Swimming Alone

by Sheryl Monks

In her eloquent memoir Swimming Lessons: Life Lessons from the Pool, my mentor Penelope Niven speaks to me anew. Though she passed away suddenly last summer, her wisdom and love return from the pages of the work she left behind. I am facing down another opportunity to finish my book, one of the many I’ve been tinkering on for years. Will it be any good is my real fear. Will I be brave as I ought to, have to?

Writing on one’s own terms, like living on one’s own terms, is daunting. We all yearn to be loved, and often we compromise who we are to please the people we admire, love, and respect, hoping that they will admire, love, and respect us in return. We get caught up in being agreeable, bending, withholding our own special natures in an effort not to affront. Because we care for other people, we sometimes don’t tend carefully enough to our own needs as writers or as human beings.

I’ve never met a more graceful or generous person than Penny. She exuded poise and love, a love that went beyond common compassion. Hers was an active engagement. I don’t know why I was the lucky one she invited into her home and life. Out of the blue one day she simply decided to pour her affection on me, to help me with my writing, and tangentially, with all the bewildering complexities of my life. It wasn’t convenient for her. In the course of our fourteen-year-mentorship, she made many sacrifices for me, making room in her own bustling career, giving up moments of solitude, which she esteemed and used prudently.

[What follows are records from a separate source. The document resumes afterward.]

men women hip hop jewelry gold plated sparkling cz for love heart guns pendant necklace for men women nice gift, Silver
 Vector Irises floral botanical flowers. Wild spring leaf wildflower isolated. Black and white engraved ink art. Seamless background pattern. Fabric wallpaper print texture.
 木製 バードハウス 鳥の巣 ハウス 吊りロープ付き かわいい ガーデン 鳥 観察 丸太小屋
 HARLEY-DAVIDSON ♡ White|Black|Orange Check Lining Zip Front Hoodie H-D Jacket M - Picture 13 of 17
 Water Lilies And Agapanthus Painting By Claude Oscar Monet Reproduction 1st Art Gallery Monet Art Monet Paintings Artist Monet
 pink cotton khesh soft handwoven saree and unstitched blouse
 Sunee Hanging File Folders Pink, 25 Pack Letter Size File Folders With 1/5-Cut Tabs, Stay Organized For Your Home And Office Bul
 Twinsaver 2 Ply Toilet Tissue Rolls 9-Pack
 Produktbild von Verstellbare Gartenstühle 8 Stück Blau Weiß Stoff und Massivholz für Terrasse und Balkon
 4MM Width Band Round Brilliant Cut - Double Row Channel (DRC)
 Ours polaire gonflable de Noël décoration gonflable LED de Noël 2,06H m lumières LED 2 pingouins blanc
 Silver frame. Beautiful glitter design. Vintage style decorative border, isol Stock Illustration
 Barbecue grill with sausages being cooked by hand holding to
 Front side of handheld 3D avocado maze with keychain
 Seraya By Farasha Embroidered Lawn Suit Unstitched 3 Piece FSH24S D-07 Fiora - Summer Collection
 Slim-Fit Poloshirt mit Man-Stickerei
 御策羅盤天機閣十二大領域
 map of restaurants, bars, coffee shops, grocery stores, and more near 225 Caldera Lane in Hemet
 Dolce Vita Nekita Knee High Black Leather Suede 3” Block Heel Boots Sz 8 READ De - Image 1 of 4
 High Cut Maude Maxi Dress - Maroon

Admiration is the basis for love. We may have not a single thing in common with another person, but if we admire, we love. I believe that.

Penny took joy in the day-to-day, in the stuff that bogs down the rest of us. That’s the marrow, she understood. She took delight in people, seemed to draw her very life force from the other souls she met. As busy as she was – writing biographies, teaching, editing, consulting, mentoring, speaking about her many subjects, traveling, being a mother to her daughter, being a sister and aunt and daughter herself – I never once saw her rush through an encounter with another person. And it did not matter if that person was a random stranger who asked her the most trivial thing. Penny would stop whatever she was doing, look that person square on, and I mean completely, and she would engage as deeply as a human being is capable of engaging with another, for as long as that person needed her to engage. Nothing ruffled her.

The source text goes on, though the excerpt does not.